Figure 1. Example of a star schema for analyzing sales
Fact tables, e.g., Sales in Figure 1, represent the focus of analysis, e.g., analysis of sales. They usually contain numeric data called measures representing the indicators being analyzed, e.g., Quantity, Price, and Amount in the figure. Dimensions, e.g., Time, Product, Store, and Client in Figure 1, are used for exploring the measures from different analysis perspectives. They often include attributes that form hierarchies, e.g., Product, Category, and Department in the Product dimension, and may also have descriptive attributes.
Star schemas have several limitations. First, since they use de-normalized tables they cannot clearly represent hierarchies: The hierarchy structure must be deduced based on knowledge from the application domain. For example, in Figure 1 is not clear whether some dimensions comprise hierarchies and if they do, what are their structures.

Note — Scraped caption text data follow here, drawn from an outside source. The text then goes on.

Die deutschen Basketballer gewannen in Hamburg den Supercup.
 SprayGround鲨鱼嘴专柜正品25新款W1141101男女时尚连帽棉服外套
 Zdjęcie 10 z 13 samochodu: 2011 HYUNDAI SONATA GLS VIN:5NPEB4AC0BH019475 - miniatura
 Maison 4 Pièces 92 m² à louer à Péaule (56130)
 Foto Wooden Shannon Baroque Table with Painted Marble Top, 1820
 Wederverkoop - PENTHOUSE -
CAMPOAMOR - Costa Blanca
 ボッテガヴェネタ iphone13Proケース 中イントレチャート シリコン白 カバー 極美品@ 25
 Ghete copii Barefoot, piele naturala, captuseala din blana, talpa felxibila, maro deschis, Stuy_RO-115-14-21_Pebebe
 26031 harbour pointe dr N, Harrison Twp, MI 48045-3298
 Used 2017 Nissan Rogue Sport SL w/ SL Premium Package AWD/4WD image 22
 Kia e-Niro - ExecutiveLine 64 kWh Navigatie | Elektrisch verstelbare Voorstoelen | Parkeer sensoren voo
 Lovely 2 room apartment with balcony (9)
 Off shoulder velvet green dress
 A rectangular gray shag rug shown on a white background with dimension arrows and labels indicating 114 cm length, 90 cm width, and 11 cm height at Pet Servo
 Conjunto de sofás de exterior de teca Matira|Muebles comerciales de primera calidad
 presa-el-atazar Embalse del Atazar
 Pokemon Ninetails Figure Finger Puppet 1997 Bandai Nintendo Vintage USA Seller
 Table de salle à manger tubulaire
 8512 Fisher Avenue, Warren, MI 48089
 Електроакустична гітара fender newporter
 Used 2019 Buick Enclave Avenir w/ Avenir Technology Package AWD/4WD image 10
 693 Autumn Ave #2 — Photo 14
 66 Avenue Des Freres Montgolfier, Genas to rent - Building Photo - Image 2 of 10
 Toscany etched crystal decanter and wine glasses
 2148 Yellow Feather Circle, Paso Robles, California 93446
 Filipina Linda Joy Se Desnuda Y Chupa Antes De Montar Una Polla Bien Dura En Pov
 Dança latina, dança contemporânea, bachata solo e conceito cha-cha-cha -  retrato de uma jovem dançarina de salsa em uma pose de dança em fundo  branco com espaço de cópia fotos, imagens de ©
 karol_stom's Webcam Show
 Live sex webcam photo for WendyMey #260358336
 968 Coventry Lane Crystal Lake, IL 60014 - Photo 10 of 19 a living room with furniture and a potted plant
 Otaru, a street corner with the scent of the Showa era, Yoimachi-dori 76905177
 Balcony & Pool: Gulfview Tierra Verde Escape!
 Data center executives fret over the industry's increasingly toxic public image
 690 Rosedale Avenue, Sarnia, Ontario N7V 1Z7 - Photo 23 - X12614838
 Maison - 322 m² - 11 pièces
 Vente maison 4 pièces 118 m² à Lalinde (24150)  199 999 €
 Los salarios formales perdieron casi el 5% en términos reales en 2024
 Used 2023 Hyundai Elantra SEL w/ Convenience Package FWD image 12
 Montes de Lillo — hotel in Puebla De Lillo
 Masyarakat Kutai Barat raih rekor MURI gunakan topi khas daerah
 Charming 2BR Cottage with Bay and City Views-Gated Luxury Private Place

Second, star schemas do not distinguish different kinds of measures, i.e., additive, semi-additive, non-additive, or derived (Kimball & Ross, 2002). For example, Quantity is an additive measure since it can be summarized while traversing the hierarchies in all dimensions; Price is a non-additive measure since it cannot be meaningfully summarized across any dimension; Amount is a derived measure, i.e., calculated based on other measures. Although these measures require different handling during aggregation, they are represented in the same way.
Third, since star schemas are based on the relational model, implementation details (e.g., foreign keys) must be considered during the design process. This requires technical knowledge from users and also makes difficult the process of transforming the logical model to other models, if necessary.
Fourth, dimensions may play different roles in a fact table. For example, the Sales table in Figure 1 is related to the Time dimension through two dates, the order date and the payment date. However, this situation is only expressed as foreign keys in the fact table that can be difficult to understand for non-expert users.